A Server Was Not Protected with a Password, and Millions of Banking Documents Were Leaked
Another day, another exposed trove of sensitive data. The database was discovered on January 10 by security researcher Bob Diachenko. It had 24 million records weighing in at over 51GB, and as soon as Diachenko saw what these records contained, he knew that he must act quickly.
The text had apparently been generated by an OCR solution. OCR stands for Optical Character Recognition, a piece of technology that is used to convert handwritten or printed documents into machine-readable text. In this particular instance, the OCR software had scanned mortgage and credit reports.
Because each record contained different parts of different documents, it's difficult to estimate the exact number of affected individuals. It's fair to say, however, that a lot of extremely sensitive information was left out in the open. The database contained names, addresses, phone numbers, credit history, Social Security numbers, etc. As Diachenko himself puts it, the database was "a gold mine for cyber criminals who would have everything they need to steal identities, file false tax returns, get loans or credit cards".
Who exposed the data?
It wasn't immediately apparent who the database belonged to which is why Diachenko called Zack Whittaker from TechCrunch and asked for some help with the investigation. After a closer look, they found out that the documents date as far back as 2008 and were issued by several major financial institutions including Wells Fargo, CapitalOne, HSBC as well as a couple of US federal departments.
Some more poking around later, they concluded that the information had been collected by Ascension – a Texas-based business that provides data analytics services to banks. Whittaker got in touch with Sandy Campbell, a representative of Ascension's parent company, who said that yes, the database did belong to the analytics business, but no, their systems hadn't been compromised.

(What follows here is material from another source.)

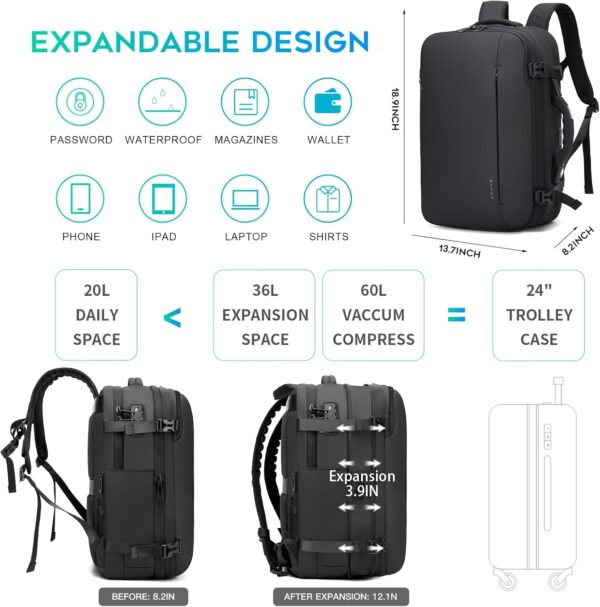 710r0MsAbEL._AC_SL1500_.jpg BANGE Airback Backpack with electronic scaleVacuum Compression Travel Backpack,Expandable Backpacks with Pump for Airplanes (With Air Pump)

Apparently, a vendor hired by Ascension made the blunder. Although Campbell refused to name the said vendor, Zack Whittaker believes it's New York-based OpticsML. Considering the fact that according to an archived version of its website (the live one is down for some reason), OpticsML offers OCR services "to some of the largest companies in the Mortgage space", the scenario doesn't seem very unlikely. That said, nobody has officially confirmed the information.

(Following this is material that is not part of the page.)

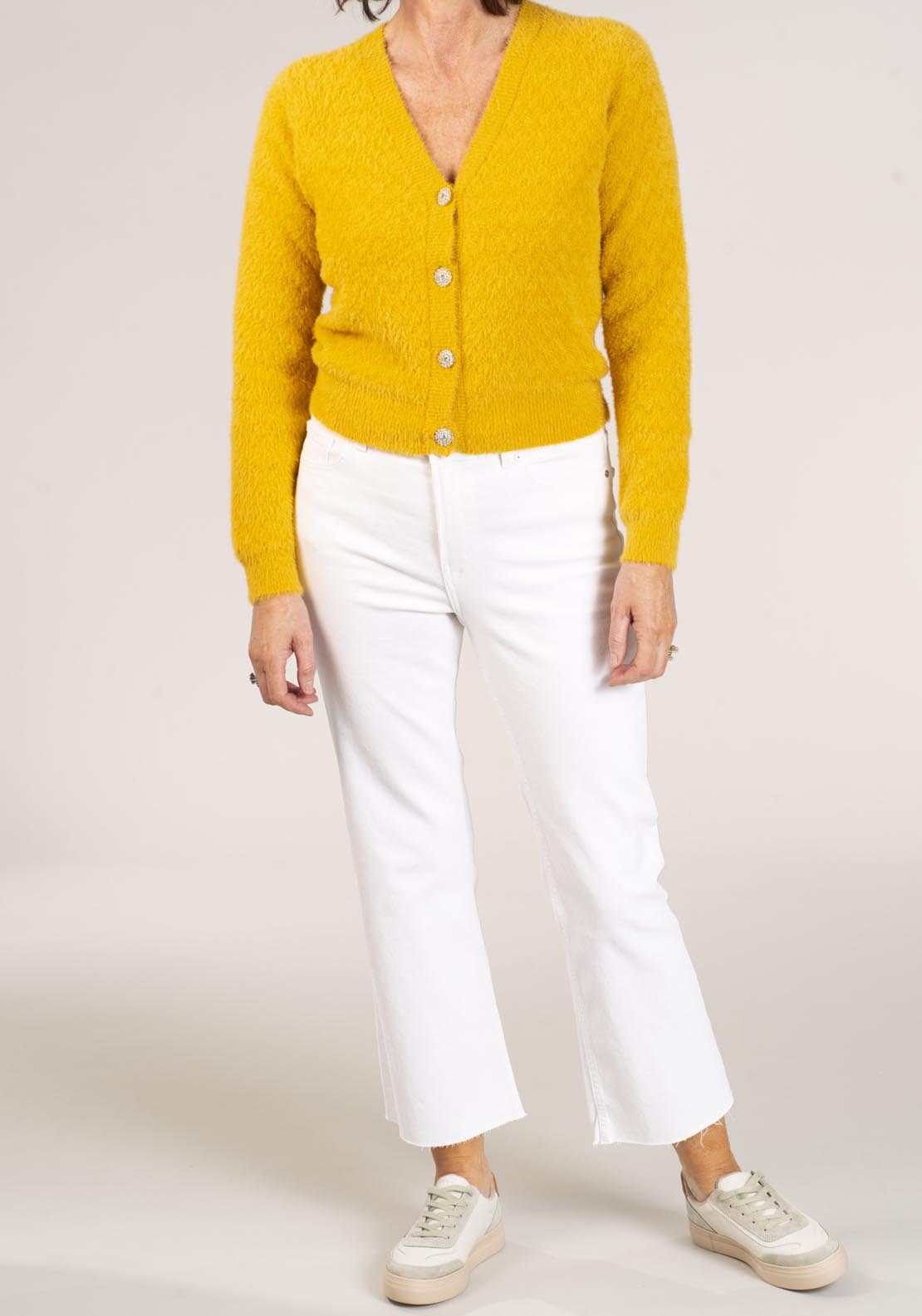 Naoise V Neck Cardigan - Yellow 3 Shaws Department Stores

The good news is that, after Citigroup, one of the financial institutions whose clients were affected, intervened, the database was taken down, and it has been inaccessible since January 15.
How was the data exposed?
Bob Diachenko didn't use a clever code injection, password brute-forcing or any other type of hacking technique. Instead, he discovered it with the help of publicly available search engines like Shodan and Censys, and when he got to it, there was no password to prevent him from looking at it, downloading it, or possibly abusing it.
The data was left on an ElasticSearch cluster and was facing the internet without any form of protection whatsoever. It was accessible to anyone willing to lo ok for it, and finding it was as difficult as entering a query in a search engine.
It's the latest in a very long line of data leaks that happens not because hackers are too smart or because software is too weak, but because vendors make simple and completely avoidable configuration errors when securing people's information. It actually comes just days after another unsecured ElasticSearch server exposed all sorts of sensitive data that belongs to users of several online casinos.
Vendors must really pick up their game when it comes to keeping people safe. They have the tools needed to avoid at least some of the data-exposing incidents, and they have no excuses for not using them.